You remember John, don’t you? He’s the other miraculous conception.
“Elizabeth”, Luke reports, “was barren” and the two of them were “getting
on in years” (Luke 1:7). It is odd, don’t you think, that the story of John’s
birth has been so overshadowed by his famous cousin, Mary’s boy child? Just
try to find a nativity set that includes Elizabeth and Zechariah and their
prophetic infant, John. It can’t be done ... even a search on the world wide
web comes up empty!
But getting to Christmas without meeting up with John is impossible. Oh,
you can get to Christmas alright ... you can get to the Christmas of sweet
sentimentality and candy canes hanging on halls bedecked with boughs of
holly. But you cannot get to the Jesus born in Bethlehem without first
encountering his cousin John as he emerges from the wilderness
“proclaiming a baptism of repentance for the forgiveness of sins”. It is in
John’s voice that we first hear the good news announced (Luke 3:18). In fact,
it may well be in his cousin John that Jesus himself first hears the good news
... since he, too, finds himself drawn to the Jordan River along with the
crowds there to be baptised by the Baptizer who meets the people on the
edge of his wilderness home.
John is a character of ‘biblical proportions’. When the people of the 1st
Century meet up with him they have no idea that they are living in the 1st
Century. Nor, for that matter, do they imagine that they are living in ‘the
ancient world’. As far as they are concerned ‘biblical times’ are already back
in time. Moses and the Prophets are but stories told and lingering memories
of a people who can hardly believe that God still speaks and acts in the world
that they know. So when John shows up out of the wilderness people sit up
and take notice. He comes from the place where Israel was formed ... from
the wandering, homelessness of the wilderness. And he comes speaking in
the cadences of the Prophets of old: “Prepare the way of the Lord, make his
paths straight. Every valley shall by filled, and every mountain and hill shall
be made low ...” . The people haven’t heard someone like this since Isaiah
came preaching the unbelievably, incredibly, impossibly good news that God
was preparing a highway out of their imprisoned exile in Babylon. It had
been five hundred years since they had returned home. Now Israel finds
itself exiled in its own land ... dominated by the occupying forces of the
Roman Empire. John arrives on this scene looking and sounding for all the
world like an honest-to-God prophet. He speaks with passion and courage
and power about the coming One of God. He says that now is the time to
prepare for the Holy One of God who is following hard on his heels and
bringing with him the arrival of the Kingdom of God.

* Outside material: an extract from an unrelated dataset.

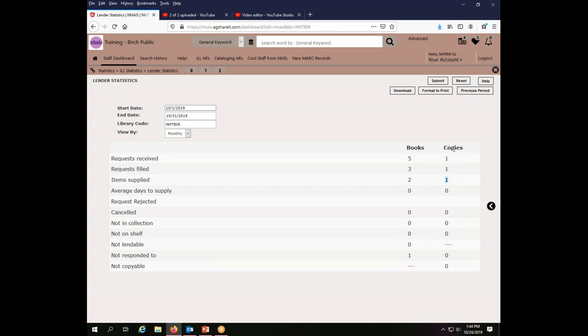We supplied two items and one copy. A copy request would be a photocopy of an article. A book request would be some sort of an item. It might be a video, it might be an audio. The system counts it as a book because it's a thing, an actual object that went out and came back, presumably.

And John really is some kind of a preacher. He strikes a resonant chord.
People come in droves to hear him. They come to be immersed in the Jordan
... to go back under the waters that their ancestors had passed through so
long ago. They come to be forgiven, to be cleansed, to be made ready for the
Messiah, the offspring of David’s monarchy, who is coming to save them.
This is surely a dream come true for a struggling wilderness preacher like
John who is used to preaching to a few stragglers out on the margins of
society. Suddenly everyone is flocking to listen to him and to be washed. But
did you catch John’s first words to those who show up to hear the good
news? Eugene Peterson’s translation of the New Testament captures the tone
of John’s voice well: “When crowds of people came out for baptism because it
was the popular thing to do, John exploded: ‘Brood of snakes! What do you
think you’re doing slithering down here to the river? Do you think a little
water on your snakeskins is going to deflect God’s judgment? It’s your life
that must change, not your skin ... What counts is your life. Is it green and
blossoming? Because if it’s deadwood, it goes on the fire”.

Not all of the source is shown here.